Le vittorie che ricordi con più emozione?
“58 sono tante e non è semplice sceglierne una, perché ognuna ha qualche cosa di speciale. Posso dire di aver un legame speciale con la 24 Ore di Spa, perché a mio avviso, nel mondo GT, è la gara endurance più dura che ci sia. Quella del 2006 la considero come una delle vittorie più belle della mia carriera. Ma anche Le Mans ha il suo fascino, perché Le Mans è sempre Le Mans. E come dimenticare Monza? Vincere qui è qualche cosa di speciale”.
Il miglior ricordo di questa lunga avventura?

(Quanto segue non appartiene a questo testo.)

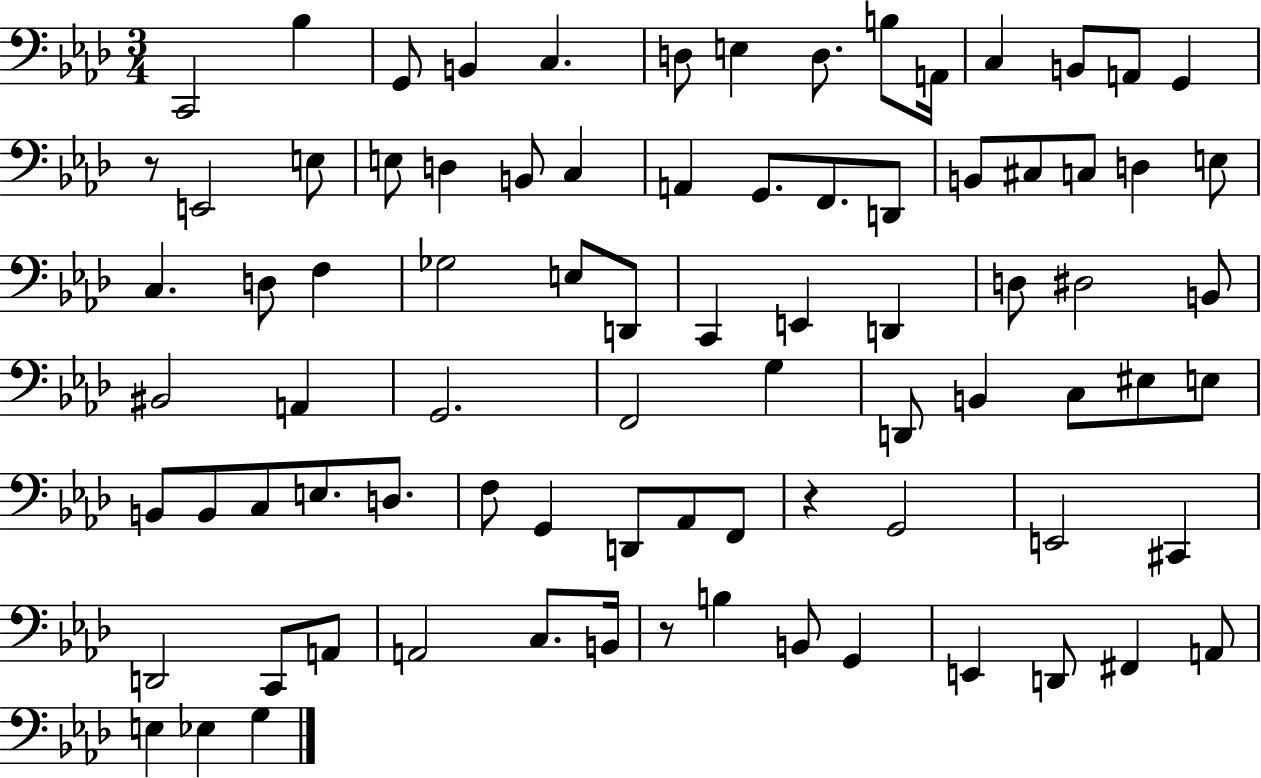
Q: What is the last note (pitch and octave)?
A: G3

“Un solo ricordo non basta. Certo, le vittorie contano, ma per me sono state soprattutto le relazioni umane a fare la differenza. Le persone con cui ho condiviso emozioni, i momenti vissuti insieme, quelli restano. Una delle emozioni più forti? Il giorno in cui Jean Todt mi chiamò in ufficio per dirmi che avrei fatto i test con la F1. Lo sognavo da bambino… e poi mi sono ritrovato davvero lì”.
Quale eredità lasci alle nuove generazioni?

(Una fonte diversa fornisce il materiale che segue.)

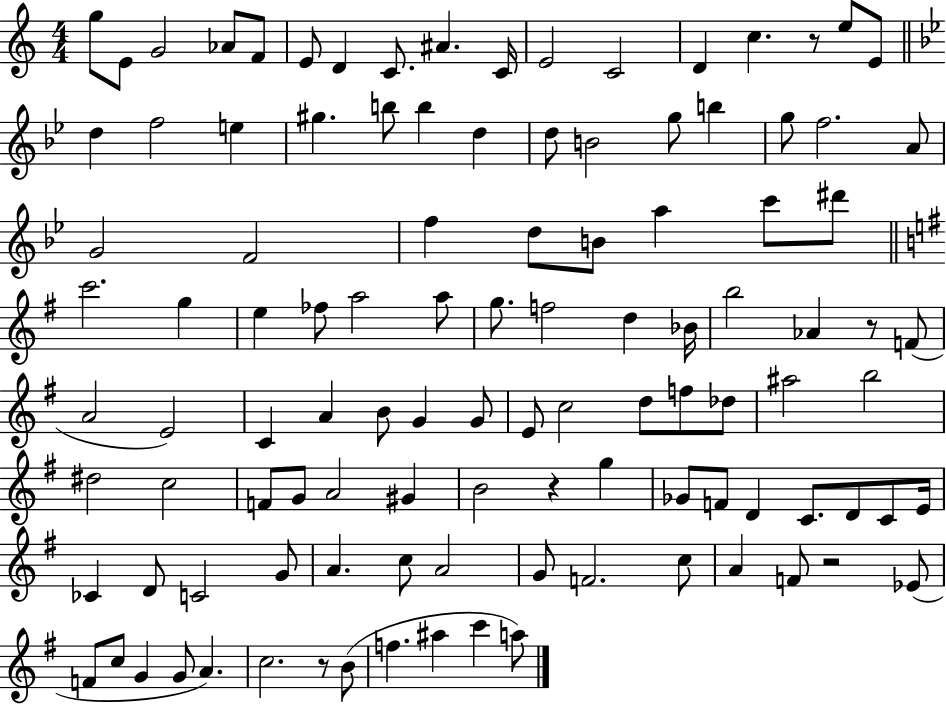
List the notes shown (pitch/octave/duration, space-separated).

G5/e E4/e G4/h Ab4/e F4/e E4/e D4/q C4/e. A#4/q. C4/s E4/h C4/h D4/q C5/q. R/e E5/e E4/e D5/q F5/h E5/q G#5/q. B5/e B5/q D5/q D5/e B4/h G5/e B5/q G5/e F5/h. A4/e G4/h F4/h F5/q D5/e B4/e A5/q C6/e D#6/e C6/h. G5/q E5/q FES5/e A5/h A5/e G5/e. F5/h D5/q Bb4/s B5/h Ab4/q R/e F4/e A4/h E4/h C4/q A4/q B4/e G4/q G4/e E4/e C5/h D5/e F5/e Db5/e A#5/h B5/h D#5/h C5/h F4/e G4/e A4/h G#4/q B4/h R/q G5/q Gb4/e F4/e D4/q C4/e. D4/e C4/e E4/s CES4/q D4/e C4/h G4/e A4/q. C5/e A4/h G4/e F4/h. C5/e A4/q F4/e R/h Eb4/e F4/e C5/e G4/q G4/e A4/q. C5/h. R/e B4/e F5/q. A#5/q C6/q A5/e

“Forse bisogna chiederlo a loro. Quello che posso dire è che sono partito da zero. Mio padre non era nel motorsport, voleva solo tenermi lontano da brutte strade. Ho fatto tutto da solo, passo dopo passo. E poi ho avuto la fortuna di incontrare le persone giuste, al momento giusto. Ma devi essere pronto: l’occasione arriva, ma se non sei preparato, non torna più. Il rapporto umano con chi lavorava con me mi ha aiutato tanto. Puoi avere talento, ma se non ci metti testa e lavoro, non resti a lungo. Io sono orgoglioso di aver deciso da solo quando smettere. Sono stato io a decidere quando dire basta e questo è un privilegio.”
Come si riparte dopo un fallimento?
“La mia forza è stata quella di saper resettare. Sempre. Ho una famiglia splendida che mi dà energia. Anche nei giorni difficili, loro mi aiutano tanto. E poi il giorno dopo è un altro giorno: devi solo migliorare ancora, curare i dettagli, e riprovare. Non ho mai sentito la pressione, forse questa è stata la mia forza”.
Cosa ti mancherà di più?
“Il confronto con gli altri, la sfida continua. Forse mi inventerò qualcosa con mio figlio, magari faremo gare in discesa con le bici…”.
Ci potrà essere un “nuovo Bertolini”?
“Spero di sì e spero sia meglio di me! Il mio consiglio? Scegliere di circondarsi di persone vere, che ti dicono subito quando sbagli. Se vuoi migliorare, devi saper riconoscere gli errori. Essere veloci non basta. In questo sport c’è memoria lunga per gli errori: fai tre cavolate e sei etichettato. Ci vuole intelligenza. Il pilota è solo la punta dell’iceberg: dietro c’è un team che lavora sodo. Il tuo nome resta se vinci. Devi mettere il tuo nome sull’albo d’oro. Quello è ciò che conta”.
Il prossimo capitolo?
“Sempre nel motorsport. Non appenderò però il casco al chiodo… Continuerò a lavorare allo sviluppo delle auto Ferrari e Maserati, e sarò a Spa, alla prossima 24 Ore, a seguire i miei compagni sulla 52 e gli altri piloti ufficiali della Casa di Maranello. I giovani mi mantengono giovane”.